Комическая тональность романа, значительно ослабленная Масальским, однако интуитивно ощущаемая им как значимый аспект романа, почти совершенно утрачена в переводе Карелина. Будучи противником гоголевского направления[237]
, Масальский невольно перенял отдельные стороны эстетической программы как Гоголя, так и писателей натуральной школы. Это дало ему возможность передать некоторые элементы писательской манеры Сервантеса, не замеченные или сознательно опущенные Карелиным, исходившим из задач, стоявших перед русской литературой 1860-х годов.

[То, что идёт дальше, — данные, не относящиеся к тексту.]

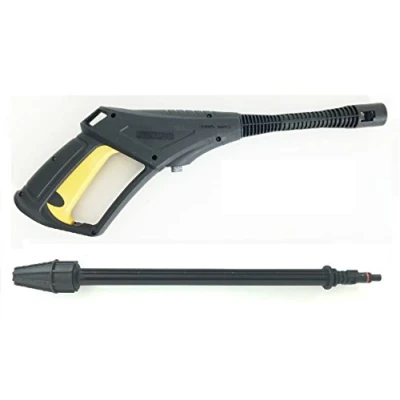 Image of Parkside Spray Gun Set (Gun and high Pressure Nozzle) Washer PHD 150 A1 B2 C2 D3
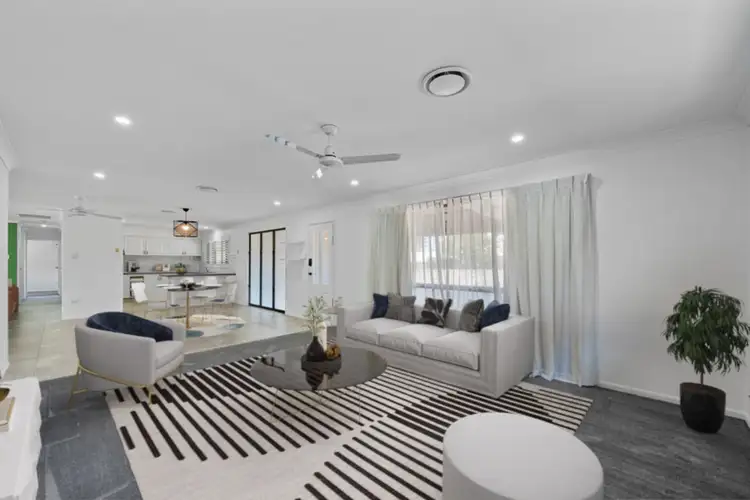 Sixth view of Homely house listing, 90 Gretel Drive, Clinton QLD 4680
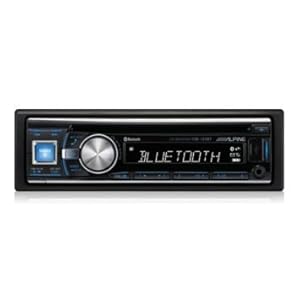 Click Here For Cheap Alpine Cde133bt / Cde-133bt / Cde-133bt Cd Receiver With Advanced Bluetooth Wireless Technology For Sale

Это отразилось, в частности, в переводе многих «непристойных» сцен, представляющих блестящие образцы сервантесовского стиля, способности писателя достигать комического эффекта сложной комбинацией стилистических средств, в том числе широким использованием эвфемизмов. Ср.: «Тут он с необыкновенной быстротой снял штаны и, оставшись в одной сорочке, нимало не медля дважды перекувырнулся в воздухе – вниз головой и вверх пятами, выставив при этом на показ такие вещи, что Санчо, дабы не улицезреть их вторично <…> дернул поводья» (Любимов, I, 282).«Сняв поспешно штаны, он остался в одной рубашке и без дальняго сделал два прыжка, хлопая себя ладонью по подошве, потом два кувырка, опустив вниз голову и подняв ноги вверх. Санчо, не желая смотреть два раза на эту позитуру, повернул Росинанта и поехал…» (Масальский, I, 323–324).
«В ту же минуту, поспешно раздевшись и оставшись в одной рубахе, он умудрился сам себе дать подзатыльника, сделал два прыжка в воздухе и два раза перекувырнулся, стоя вверх ногами. Штуки эти вполне удовлетворили Санчо, который повернул коня» (Карелин, I, 229).
Таким образом, не только «Дон Кихот» в переводе Масальского оказался включенным в литературный процесс в России конца 1830-х – 1840-х годов, но и гоголевская школа оказала воздействие на перевод.
Ни в переводе Масальского, ни в переводе Карелина не была удовлетворительно решена сложнейшая задача адекватной передачи испанских поговорок и пословиц. В романе Сервантеса эта языковая стихия в конце концов перерастает в средство, помогающее раскрыть образ человека из народа, у которого «есть душа и сердце, есть желания и страсти, есть любовь и ненависть, словом, есть жизнь»[238]
. Для примера можно привести несколько пословиц из XVIII главы 1-й части:«nos han de traer a tantas desventuras, que no sepamos cuál es nuestro pie derecho»;
«dejándonos a andar de ceca en meca y de zoca en colodra»;
«y a los escuderos, que se los papen duelos».
У Масальского в первых двух случаях – стремление к дословному переводу, в третьем смысл передан при полной утрате фольклорной образности: «доведут нас до таких бед, что мы не узнаем с вами, где у нас правая нога» (Масальский, I, 184); «Полно нам шататься, как говорят, от Зекки до Мекки, надевши не башмаки, а подойники» (Масальский, I, 184)[239]
; «а оруженосцам приключились бы от него одни беды» (Масальский, I, 185). В переводе Карелина сделан в этом отношении шаг вперед. В нем наряду с дословным переводом – уже более гибкая тенденция, сочетающая замену испанских выражений русскими с попыткой создать в образном и стилистическом отношении убедительные русские варианты испанских поговорок и пословиц: «лишит нас навсегда возможности различить нашу правую ногу от левой» (Карелин, I, 131); «чем шататься по белу свету, попадая каждый день из огня в полымя» (Карелин, I, 131); «буду по-прежнему расплачиваться за все собственной спиной» (Карелин, I, 132).Немало других упреков можно было бы высказать переводчикам, если подходить к их работам с максималистских позиций и не учитывать последующих версий, хлынувших как из рога изобилия на рубеже XIX–XX веков и оттеняющих достоинства переводов Масальского и Карелина.
Строение фраз, выбор стилистических средств и лексических эквивалентов не оставляют сомнения в том, что оба переводчика, особенно Карелин, активно пользовались французской версией Л. Виардо, прибегая к его помощи во всех затруднительных случаях, переводя при этом в целом с испанского подлинника. Именно перевод Виардо, у которого были такие почитатели, как Белинский[240]
, Достоевский и особенно Тургенев, сыграл, несмотря на нелестное мнение Ф. Бидерманна, приведенное в «Московском наблюдателе»[241], для русской читающей публики немаловажную роль. Наконец, кое-кому сервантесовский роман был доступен и в подлиннике, в том числе Тургеневу, Островскому, Боборыкину[242].